1 -Determinam a perda de mandato:
a)A declaração de inelegibilidade na sequência da verificação da regularidade de mandatos prevista no artigo 19.º;
b)A ocorrência superveniente de alguma das causas de incompatibilidade previstas no artigo 30.º;
c)A ocorrência superveniente de alguma das causas de incapacidade previstas no n.º 2 do artigo 5.º;
d)A alteração da área de residência do círculo eleitoral pelo qual se foi eleito;
e)A não aceitação ou renúncia ao mandato;
f)A falta injustificada a uma reunião do plenário ou três reuniões das comissões ou do Conselho Permanente, sem exceder, no total, o limite de três faltas injustificadas;
g)O trânsito em julgado de sentença condenatória em processo crime, de qualquer dos seus membros, em Portugal ou no estrangeiro, que haja determinado uma pena privativa da liberdade.

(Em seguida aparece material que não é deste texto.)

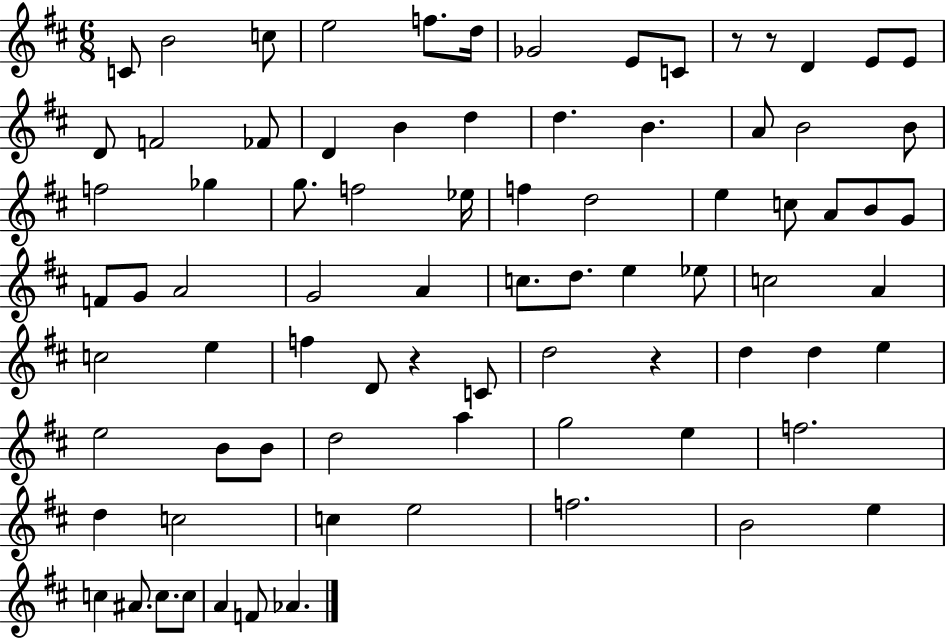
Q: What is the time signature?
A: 6/8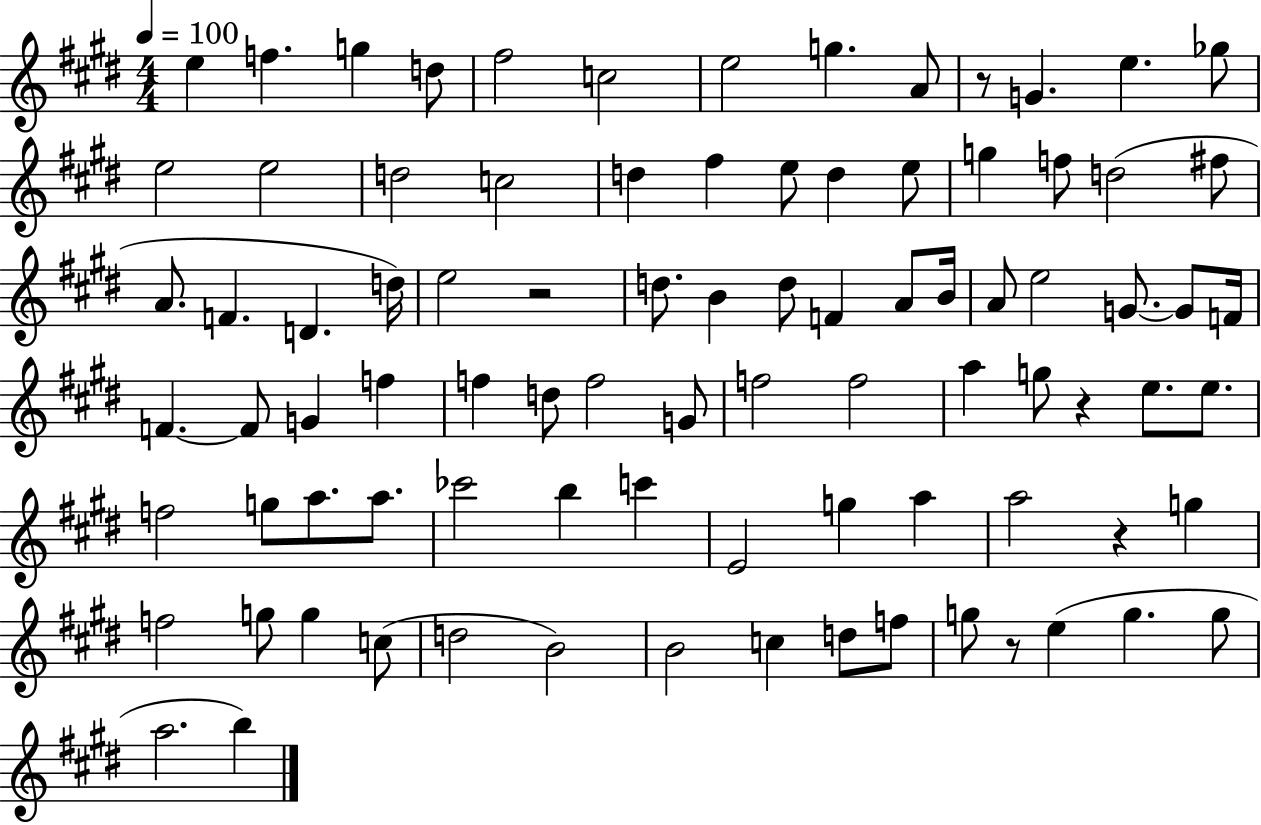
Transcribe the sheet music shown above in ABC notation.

X:1
T:Untitled
M:4/4
L:1/4
K:E
e f g d/2 ^f2 c2 e2 g A/2 z/2 G e _g/2 e2 e2 d2 c2 d ^f e/2 d e/2 g f/2 d2 ^f/2 A/2 F D d/4 e2 z2 d/2 B d/2 F A/2 B/4 A/2 e2 G/2 G/2 F/4 F F/2 G f f d/2 f2 G/2 f2 f2 a g/2 z e/2 e/2 f2 g/2 a/2 a/2 _c'2 b c' E2 g a a2 z g f2 g/2 g c/2 d2 B2 B2 c d/2 f/2 g/2 z/2 e g g/2 a2 b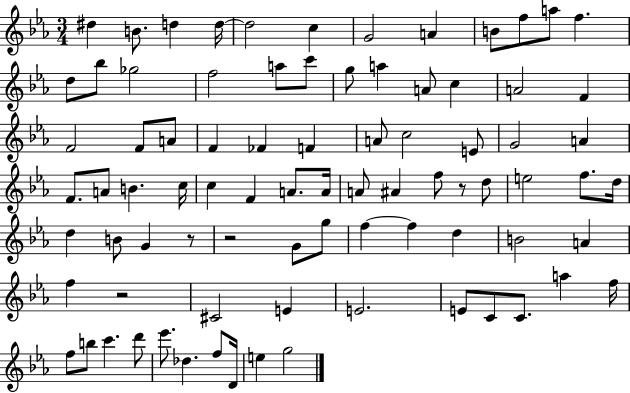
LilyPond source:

2 -Para efeitos do disposto na alínea f) do número anterior, consideram-se justificadas as faltas dadas por motivos de doença e caso de força maior.
3 -A perda de mandato é notificada ao interessado pelo membro do Governo responsável pelas áreas da emigração e das comunidades portuguesas, após emissão de parecer do embaixador no país onde se situe a sede do respetivo círculo eleitoral.
4 -Da notificação prevista no número anterior cabe recurso, no prazo de 5 dias úteis, para o membro do Governo identificado no número anterior, que o decide no prazo de 10 dias úteis.
5 -A perda de mandato torna-se efetiva desde a sua publicitação no portal do Governo e no sítio na Internet do Ministério dos Negócios Estrangeiros.